New & Noteworthy: Kahala Permit, Ground Water Monitoring Updates

posted in: New & Noteworthy, November 2019 | 0

Update I — Kahala : See EH-xtra item.

Update II — Wells: Last month, we reported on the ongoing problem the state Commission on Water Resource Management has with well owners and diverters of surface water failing to report their monthly water use as required by law. On October 15, staff briefed the commission on outreach efforts to boost compliance with regard to ground water reporting.

The commission has so far issued two contracts for some $423,000 to investigate non-reporting wells, remind or inform those responsible for reporting of their duties, and to show them how to use the commission’s online reporting system. The work began in 2014 and continues today.

Wells on O‘ahu (except Wai‘anae) and the ‘Iao aquifer system on Maui were assessed under the first contract. Work under the second began in 2017 and focused on wells on Moloka‘i and the rest of Maui.

As a result of the outreach, “The number of production wells reporting statewide increased from 27 percent in 2008 to 53 percent in 2019,” a commission staff report states. (Our October 2019 article had cited the figure in the newly adopted Water Resources Protection Plan, which stated that the reporting rate was only about 46 percent.) For the areas targeted under the contracts, production well reporting has increased 235 percent since 2008, the report added.

Credit: Commission on Water Resource Management

The assessment also identified about 450 new wells that are candidates for abandonment. The good news, the report states, is that those wells have not been causing any pumpage impacts.
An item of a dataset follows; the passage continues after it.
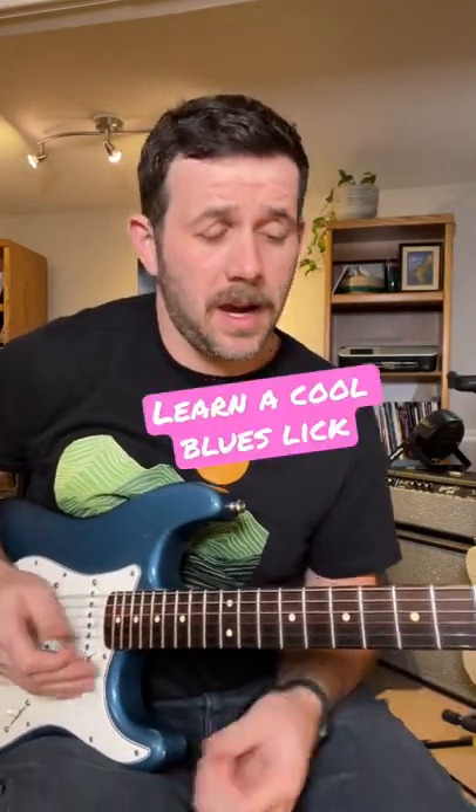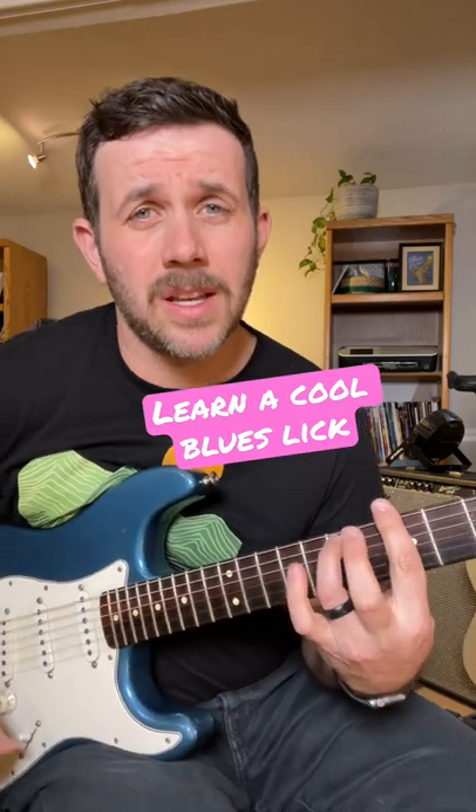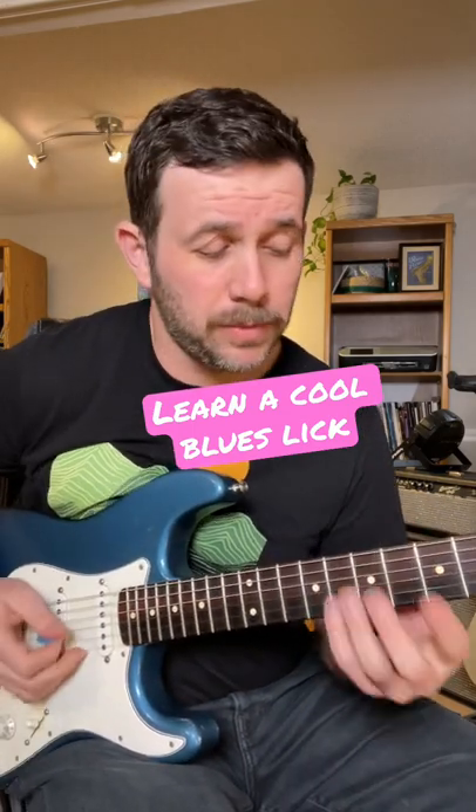I got a cool A minor pentatonic blues lick for you guys today. I'm going to be playing it over an A minor 7th chord for a minor type of blues, but it's all out of pattern 1.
The bad news, however, is that until they are capped, they pose a contamination risk to the aquifers below.

The report noted that 119 well owners or operators either did not respond to the contractor or denied its personnel access to the well or site. “We need to finalize penalty and enforcement policy/rules,” it states.

Commission staff are looking to assess wells in Wai‘anae and on Hawai‘i island next; to seek greater compliance with chloride, water level, and temperature reporting; and to win legislative approval of two new staff positions to focus on well abandonment, the report states.